-- Work item --
Each line of the data below must be reproduced without any change.

-- The records --

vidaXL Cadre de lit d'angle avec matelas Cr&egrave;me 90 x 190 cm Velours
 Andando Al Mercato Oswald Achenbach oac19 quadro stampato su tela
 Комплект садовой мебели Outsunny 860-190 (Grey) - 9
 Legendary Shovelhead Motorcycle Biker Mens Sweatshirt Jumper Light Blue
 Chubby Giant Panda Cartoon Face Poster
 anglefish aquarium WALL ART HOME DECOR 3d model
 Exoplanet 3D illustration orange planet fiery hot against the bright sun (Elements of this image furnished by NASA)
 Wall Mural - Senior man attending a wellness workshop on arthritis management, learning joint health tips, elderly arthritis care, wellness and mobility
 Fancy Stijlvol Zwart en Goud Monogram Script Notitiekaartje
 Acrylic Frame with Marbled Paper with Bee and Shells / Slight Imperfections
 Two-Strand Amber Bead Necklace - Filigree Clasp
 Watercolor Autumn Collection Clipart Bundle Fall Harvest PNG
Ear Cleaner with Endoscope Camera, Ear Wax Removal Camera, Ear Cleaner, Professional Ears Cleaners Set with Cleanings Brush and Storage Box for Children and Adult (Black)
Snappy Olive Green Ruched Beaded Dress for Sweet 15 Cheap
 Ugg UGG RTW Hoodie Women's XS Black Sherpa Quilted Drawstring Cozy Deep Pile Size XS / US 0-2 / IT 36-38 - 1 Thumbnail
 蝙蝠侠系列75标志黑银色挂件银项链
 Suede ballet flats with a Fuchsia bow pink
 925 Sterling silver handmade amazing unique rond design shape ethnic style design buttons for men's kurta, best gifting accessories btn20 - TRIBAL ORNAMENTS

-- Result of this exercise --
vidaXL Cadre de lit d'angle avec matelas Cr&egrave;me 90 x 190 cm Velours
 Andando Al Mercato Oswald Achenbach oac19 quadro stampato su tela
 Комплект садовой мебели Outsunny 860-190 (Grey) - 9
 Legendary Shovelhead Motorcycle Biker Mens Sweatshirt Jumper Light Blue
 Chubby Giant Panda Cartoon Face Poster
 anglefish aquarium WALL ART HOME DECOR 3d model
 Exoplanet 3D illustration orange planet fiery hot against the bright sun (Elements of this image furnished by NASA)
 Wall Mural - Senior man attending a wellness workshop on arthritis management, learning joint health tips, elderly arthritis care, wellness and mobility
 Fancy Stijlvol Zwart en Goud Monogram Script Notitiekaartje
 Acrylic Frame with Marbled Paper with Bee and Shells / Slight Imperfections
 Two-Strand Amber Bead Necklace - Filigree Clasp
 Watercolor Autumn Collection Clipart Bundle Fall Harvest PNG
Ear Cleaner with Endoscope Camera, Ear Wax Removal Camera, Ear Cleaner, Professional Ears Cleaners Set with Cleanings Brush and Storage Box for Children and Adult (Black)
Snappy Olive Green Ruched Beaded Dress for Sweet 15 Cheap
 Ugg UGG RTW Hoodie Women's XS Black Sherpa Quilted Drawstring Cozy Deep Pile Size XS / US 0-2 / IT 36-38 - 1 Thumbnail
 蝙蝠侠系列75标志黑银色挂件银项链
 Suede ballet flats with a Fuchsia bow pink
 925 Sterling silver handmade amazing unique rond design shape ethnic style design buttons for men's kurta, best gifting accessories btn20 - TRIBAL ORNAMENTS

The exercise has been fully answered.